WASHINGTON — Some conservative Republicans want to drag must-pass spending bills into their fight with President Barack Obama over his planned executive action on immigration, inviting comparisons to last year's shutdown showdown over the health care law.
In the Senate, Jeff Sessions of Alabama and Mike Lee of Utah are among those arguing to use an upcoming must-pass spending bill — either in December or next year — to try to block Obama from taking unilateral action to protect millions of immigrants here illegally from deportation
"Congress appropriates the money," Sessions told reporters Wednesday. "That's a clear constitutional power. If Congress disapproves of the president providing ID cards for people who've been in the country illegally, then it should not appropriate money to fund it."
GOP leaders appear cool to the effort since it could lead to a confrontation with Obama that, if taken too far, could spark another government shutdown. They have given the Appropriations Committee the green light to negotiate a catch-all omnibus spending bill for the budget year that began last month. Any deal with Democrats still in control of the Senate would not include language to block Obama on immigration.
A temporary spending measure expires Dec. 11 and a partial government shutdown would occur if Congress doesn't act by then.
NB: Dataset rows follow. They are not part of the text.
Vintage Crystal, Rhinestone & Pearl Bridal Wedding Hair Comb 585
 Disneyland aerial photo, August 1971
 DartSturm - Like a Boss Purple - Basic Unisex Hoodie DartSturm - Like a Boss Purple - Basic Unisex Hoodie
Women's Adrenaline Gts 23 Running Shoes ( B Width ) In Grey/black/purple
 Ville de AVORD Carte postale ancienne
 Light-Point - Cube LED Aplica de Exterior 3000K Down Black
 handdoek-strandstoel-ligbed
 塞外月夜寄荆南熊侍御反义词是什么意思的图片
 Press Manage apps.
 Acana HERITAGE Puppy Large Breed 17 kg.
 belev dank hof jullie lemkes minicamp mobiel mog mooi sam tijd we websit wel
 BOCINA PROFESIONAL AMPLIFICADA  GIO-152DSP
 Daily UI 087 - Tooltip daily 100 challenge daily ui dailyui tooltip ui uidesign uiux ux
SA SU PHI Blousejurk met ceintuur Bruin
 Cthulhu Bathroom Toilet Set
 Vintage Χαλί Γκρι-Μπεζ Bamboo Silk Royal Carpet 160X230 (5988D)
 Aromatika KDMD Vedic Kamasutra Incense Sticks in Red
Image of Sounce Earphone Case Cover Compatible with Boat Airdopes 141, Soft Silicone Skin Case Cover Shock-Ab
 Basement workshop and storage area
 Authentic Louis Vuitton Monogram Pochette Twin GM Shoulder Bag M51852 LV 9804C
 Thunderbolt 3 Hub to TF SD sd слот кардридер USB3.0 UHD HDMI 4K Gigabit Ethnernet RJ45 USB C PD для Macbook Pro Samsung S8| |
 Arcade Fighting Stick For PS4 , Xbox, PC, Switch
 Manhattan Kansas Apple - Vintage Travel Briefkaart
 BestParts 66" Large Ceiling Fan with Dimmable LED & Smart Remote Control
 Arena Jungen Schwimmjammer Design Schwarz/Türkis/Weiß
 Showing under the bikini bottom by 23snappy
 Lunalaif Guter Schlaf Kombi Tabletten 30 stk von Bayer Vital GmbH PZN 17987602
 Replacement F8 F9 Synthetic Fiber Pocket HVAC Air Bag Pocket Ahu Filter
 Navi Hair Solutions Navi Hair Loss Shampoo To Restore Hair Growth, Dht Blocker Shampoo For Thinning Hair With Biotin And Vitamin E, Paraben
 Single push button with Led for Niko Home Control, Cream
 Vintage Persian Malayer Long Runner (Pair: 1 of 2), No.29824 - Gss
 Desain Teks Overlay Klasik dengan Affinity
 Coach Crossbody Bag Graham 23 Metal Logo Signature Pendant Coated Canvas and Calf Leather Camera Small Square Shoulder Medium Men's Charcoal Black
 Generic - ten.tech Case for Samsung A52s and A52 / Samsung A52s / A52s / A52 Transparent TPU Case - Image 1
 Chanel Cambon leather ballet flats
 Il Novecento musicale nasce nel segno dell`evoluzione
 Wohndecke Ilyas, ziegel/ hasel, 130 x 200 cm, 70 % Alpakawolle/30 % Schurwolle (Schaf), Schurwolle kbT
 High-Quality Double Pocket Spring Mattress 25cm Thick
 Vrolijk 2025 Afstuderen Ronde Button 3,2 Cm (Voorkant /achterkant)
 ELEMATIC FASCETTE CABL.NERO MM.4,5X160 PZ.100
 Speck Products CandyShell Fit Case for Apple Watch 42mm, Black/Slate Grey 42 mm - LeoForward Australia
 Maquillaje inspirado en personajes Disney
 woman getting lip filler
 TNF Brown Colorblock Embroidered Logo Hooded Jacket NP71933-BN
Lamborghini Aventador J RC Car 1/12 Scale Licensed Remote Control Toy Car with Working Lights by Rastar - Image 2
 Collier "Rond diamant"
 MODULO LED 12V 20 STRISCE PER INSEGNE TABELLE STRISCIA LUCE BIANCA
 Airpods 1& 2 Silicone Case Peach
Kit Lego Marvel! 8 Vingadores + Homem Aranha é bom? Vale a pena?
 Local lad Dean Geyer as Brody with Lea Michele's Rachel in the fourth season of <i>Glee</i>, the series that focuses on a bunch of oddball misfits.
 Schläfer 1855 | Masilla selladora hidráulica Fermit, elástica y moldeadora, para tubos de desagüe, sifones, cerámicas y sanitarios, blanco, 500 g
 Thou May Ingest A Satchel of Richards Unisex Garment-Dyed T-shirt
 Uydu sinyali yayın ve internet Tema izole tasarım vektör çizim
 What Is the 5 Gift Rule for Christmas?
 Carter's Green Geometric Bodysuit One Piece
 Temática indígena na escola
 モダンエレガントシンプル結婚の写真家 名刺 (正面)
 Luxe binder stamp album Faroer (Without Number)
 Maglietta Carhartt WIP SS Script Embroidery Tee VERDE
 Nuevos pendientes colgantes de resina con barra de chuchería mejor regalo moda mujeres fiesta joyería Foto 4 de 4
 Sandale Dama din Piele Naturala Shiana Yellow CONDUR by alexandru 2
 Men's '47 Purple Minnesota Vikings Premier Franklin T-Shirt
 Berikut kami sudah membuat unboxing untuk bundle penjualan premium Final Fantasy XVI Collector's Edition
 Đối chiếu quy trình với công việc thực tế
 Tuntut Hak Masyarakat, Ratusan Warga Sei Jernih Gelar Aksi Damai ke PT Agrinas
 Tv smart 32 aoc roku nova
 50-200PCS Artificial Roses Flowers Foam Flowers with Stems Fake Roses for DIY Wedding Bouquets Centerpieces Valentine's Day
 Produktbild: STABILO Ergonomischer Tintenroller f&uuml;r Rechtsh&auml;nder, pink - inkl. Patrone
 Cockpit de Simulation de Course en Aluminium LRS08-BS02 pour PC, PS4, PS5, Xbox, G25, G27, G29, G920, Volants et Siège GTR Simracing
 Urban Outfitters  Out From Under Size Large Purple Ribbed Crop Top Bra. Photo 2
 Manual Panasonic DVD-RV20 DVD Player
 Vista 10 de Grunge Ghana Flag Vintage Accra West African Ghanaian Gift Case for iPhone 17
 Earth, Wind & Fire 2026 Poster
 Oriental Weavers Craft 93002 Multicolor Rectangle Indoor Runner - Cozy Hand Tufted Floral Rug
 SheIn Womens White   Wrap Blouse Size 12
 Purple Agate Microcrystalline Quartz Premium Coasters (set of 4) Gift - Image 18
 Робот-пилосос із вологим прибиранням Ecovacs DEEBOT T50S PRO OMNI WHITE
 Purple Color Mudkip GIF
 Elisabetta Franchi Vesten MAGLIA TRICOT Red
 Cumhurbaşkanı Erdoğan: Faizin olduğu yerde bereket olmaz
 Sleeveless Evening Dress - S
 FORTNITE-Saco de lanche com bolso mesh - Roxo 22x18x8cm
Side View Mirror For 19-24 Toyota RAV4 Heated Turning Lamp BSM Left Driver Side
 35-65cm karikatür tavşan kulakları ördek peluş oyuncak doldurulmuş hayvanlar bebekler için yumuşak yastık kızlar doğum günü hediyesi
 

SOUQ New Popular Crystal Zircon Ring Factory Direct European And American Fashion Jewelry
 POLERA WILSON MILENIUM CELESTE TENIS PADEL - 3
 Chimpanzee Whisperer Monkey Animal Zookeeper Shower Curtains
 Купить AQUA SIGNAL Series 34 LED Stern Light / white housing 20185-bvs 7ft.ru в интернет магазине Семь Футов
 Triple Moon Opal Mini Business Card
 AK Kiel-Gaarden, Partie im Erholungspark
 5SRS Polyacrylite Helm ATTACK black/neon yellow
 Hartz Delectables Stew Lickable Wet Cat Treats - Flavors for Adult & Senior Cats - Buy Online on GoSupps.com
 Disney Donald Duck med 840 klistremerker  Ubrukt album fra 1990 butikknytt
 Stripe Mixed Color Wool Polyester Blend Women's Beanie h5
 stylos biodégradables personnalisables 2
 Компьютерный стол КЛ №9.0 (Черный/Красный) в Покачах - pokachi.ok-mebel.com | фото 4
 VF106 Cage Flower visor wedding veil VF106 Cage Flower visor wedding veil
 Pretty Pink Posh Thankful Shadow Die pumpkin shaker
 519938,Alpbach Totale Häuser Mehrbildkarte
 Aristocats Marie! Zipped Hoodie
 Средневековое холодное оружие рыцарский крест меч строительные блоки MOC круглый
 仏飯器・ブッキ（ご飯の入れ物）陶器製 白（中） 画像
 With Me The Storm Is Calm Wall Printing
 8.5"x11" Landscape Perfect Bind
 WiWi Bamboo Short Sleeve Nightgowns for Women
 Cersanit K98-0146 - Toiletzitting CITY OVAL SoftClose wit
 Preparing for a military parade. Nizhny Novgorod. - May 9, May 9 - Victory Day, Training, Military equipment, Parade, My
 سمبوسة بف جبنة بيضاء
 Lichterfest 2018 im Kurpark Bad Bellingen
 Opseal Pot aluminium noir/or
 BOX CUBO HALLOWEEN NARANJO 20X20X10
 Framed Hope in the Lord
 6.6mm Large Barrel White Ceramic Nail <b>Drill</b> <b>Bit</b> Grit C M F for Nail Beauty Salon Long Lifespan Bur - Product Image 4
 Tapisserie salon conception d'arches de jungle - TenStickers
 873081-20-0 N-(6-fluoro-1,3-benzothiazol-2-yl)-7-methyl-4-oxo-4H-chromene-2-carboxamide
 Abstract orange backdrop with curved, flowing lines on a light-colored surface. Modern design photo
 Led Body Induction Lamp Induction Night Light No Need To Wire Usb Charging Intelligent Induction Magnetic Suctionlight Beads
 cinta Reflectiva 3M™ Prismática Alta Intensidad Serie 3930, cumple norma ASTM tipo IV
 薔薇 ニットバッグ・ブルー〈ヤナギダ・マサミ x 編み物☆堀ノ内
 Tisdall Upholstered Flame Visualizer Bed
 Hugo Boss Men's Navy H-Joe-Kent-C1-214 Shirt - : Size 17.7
Sessions said he'd rather have Congress pass another short-term spending bill so that the new Republican Senate could be in place to tackle the issue.
Rep. Matt Salmon said he had more than 50 GOP lawmakers' signatures on a letter to Appropriations Committee Chairman Harold Rogers, R-Ky., urging that any spending bill include language saying nothing in it could be used to implement an executive immigration policy.
"This is an opportunity for everybody to come together and speak clearly and forcefully that doing this unconstitutional act would be a mistake, and if you do it, there won't be funding for it," said Salmon, R-Ariz.
But he stopped short of threatening to withhold his vote for any spending bill that omits such language.
"Members are going to decide for themselves whether or not it's something they want to fall on their sword over," Salmon said.
"I've had several members contact me and say 'How about if we try to 'defund'" Obama's immigration efforts, said Rep. Marsha Blackburn, R-Tenn. "And I do sense there is movement to take that action."
The plans circulated on Capitol Hill as lawmakers returned to Washington a week after midterm elections in which Republicans trounced Democrats and retook the Senate. Obama's determination to move forward with his promised executive action despite the election results has emerged as a major point of conflict between congressional Republicans and the White House. Obama is under intense pressure from Latino advocates to act.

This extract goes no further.